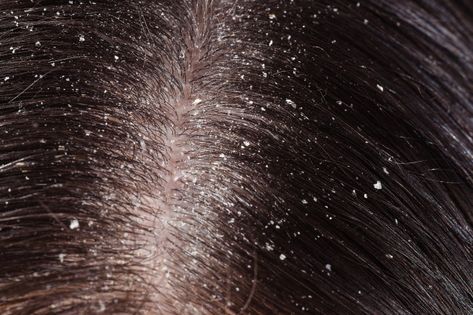 Dandruff on woman's dark hair | Premium Photo #Freepik #photo #people #medical #hair #health Mustard Oil For Hair, Diy Highlights Hair, Severe Dandruff, Coconut Milk For Hair, Olive Oil For Face, Home Remedies For Dandruff, How To Treat Dandruff, Banana Hair Mask, Rid Of Dandruff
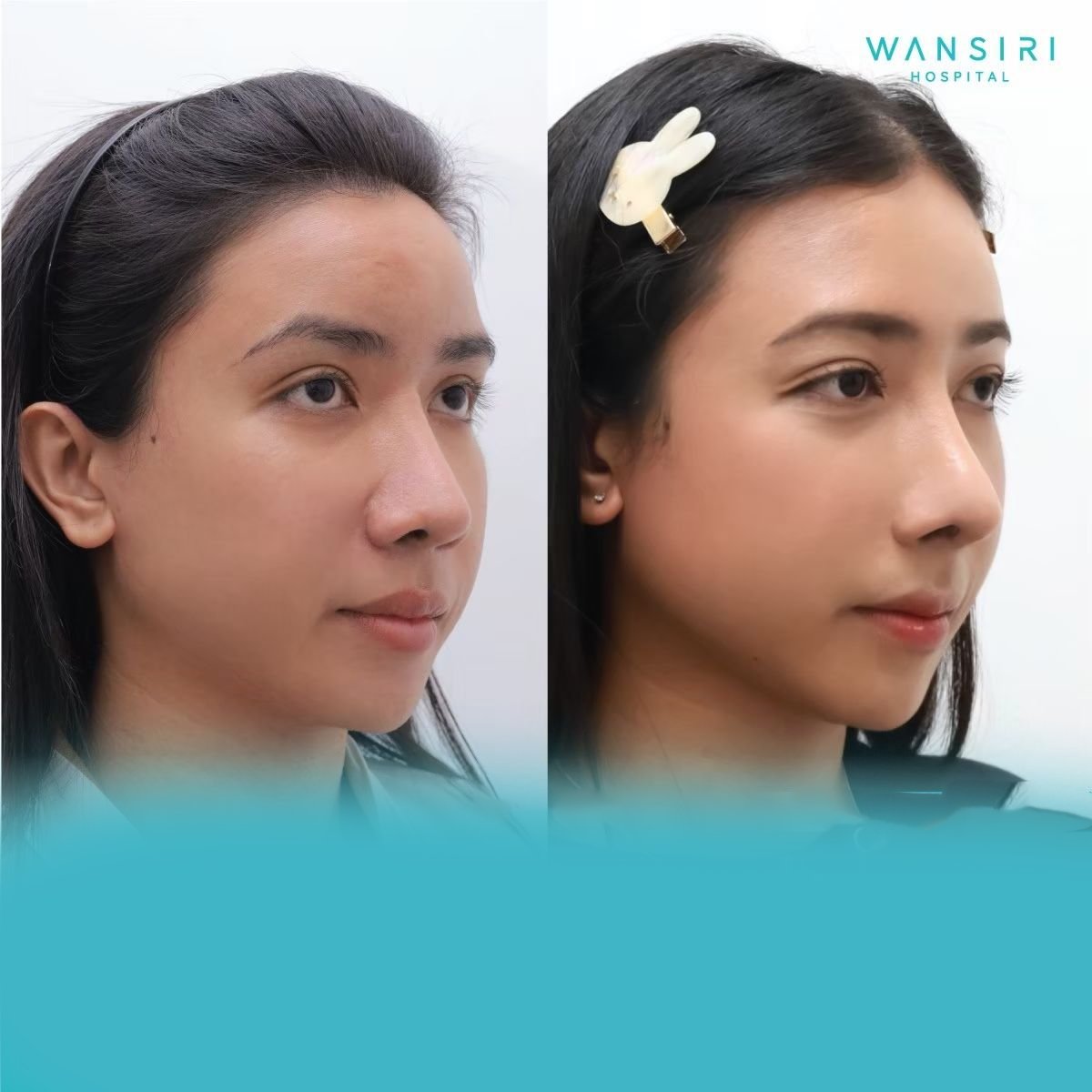Before and after forehead contouring results at Wansiri Hospital, smoother forehead profile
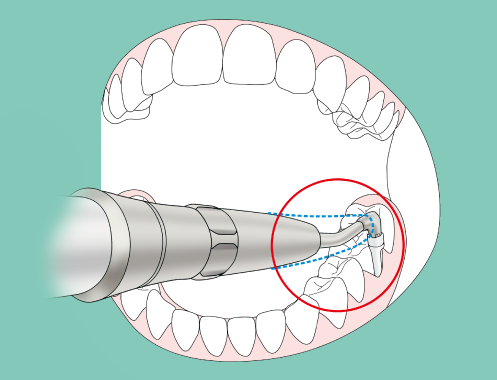 NSK Perio-Mate Biofilm Eraser - Narrow Nozzle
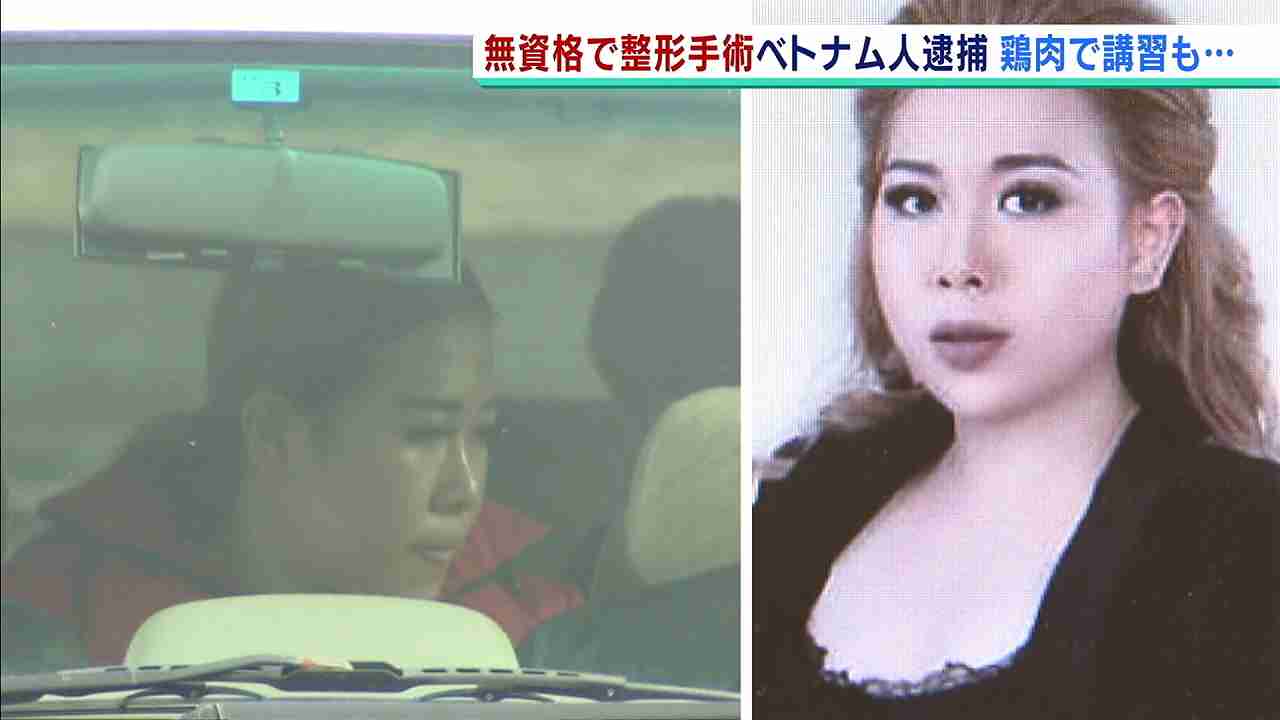 無免許で『鼻高くする注射』など美容整形手術…ベトナム人女ら逮捕　組織的な可能性も
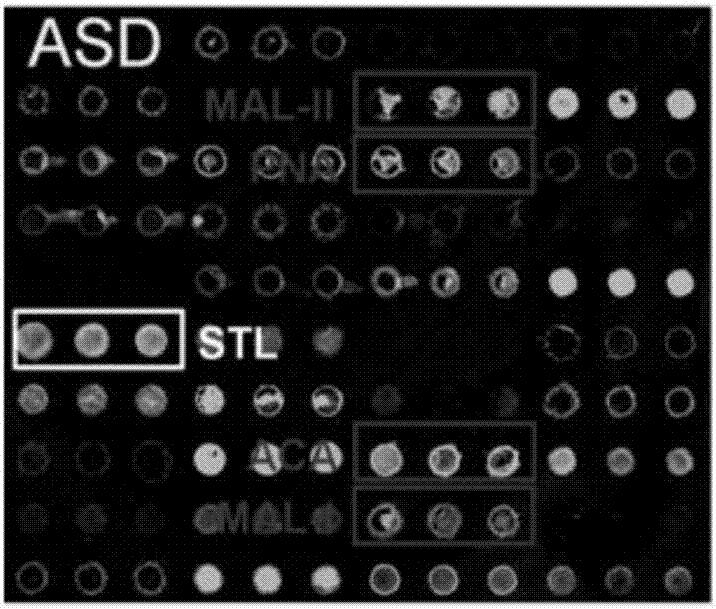 Application of a serum glycoprotein marker for autism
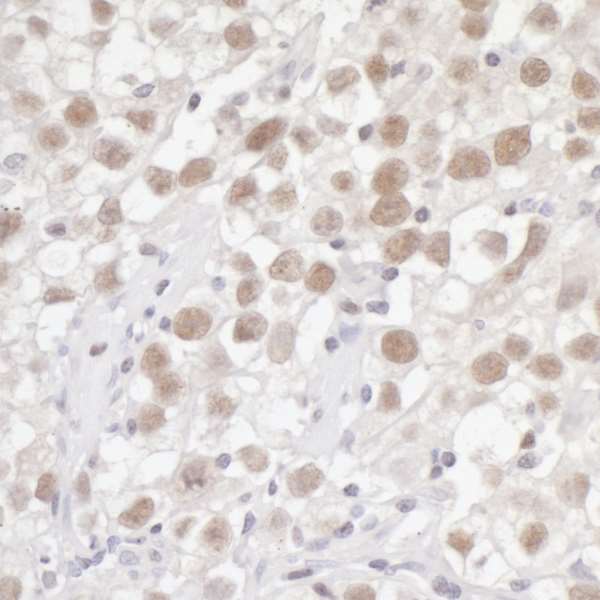 Immunohistochemistry (Formalin/PFA-fixed paraffin-embedded sections) - Anti-FEN1 antibody (AB17994)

* [Work item]:
Using the records above, copy exactly and only the lines from the line with "NSK Perio-Mate Biofilm" through the end, both included; leave every picture out.

* [Result]:
 NSK Perio-Mate Biofilm Eraser - Narrow Nozzle
 無免許で『鼻高くする注射』など美容整形手術…ベトナム人女ら逮捕　組織的な可能性も
 Application of a serum glycoprotein marker for autism
 Immunohistochemistry (Formalin/PFA-fixed paraffin-embedded sections) - Anti-FEN1 antibody (AB17994)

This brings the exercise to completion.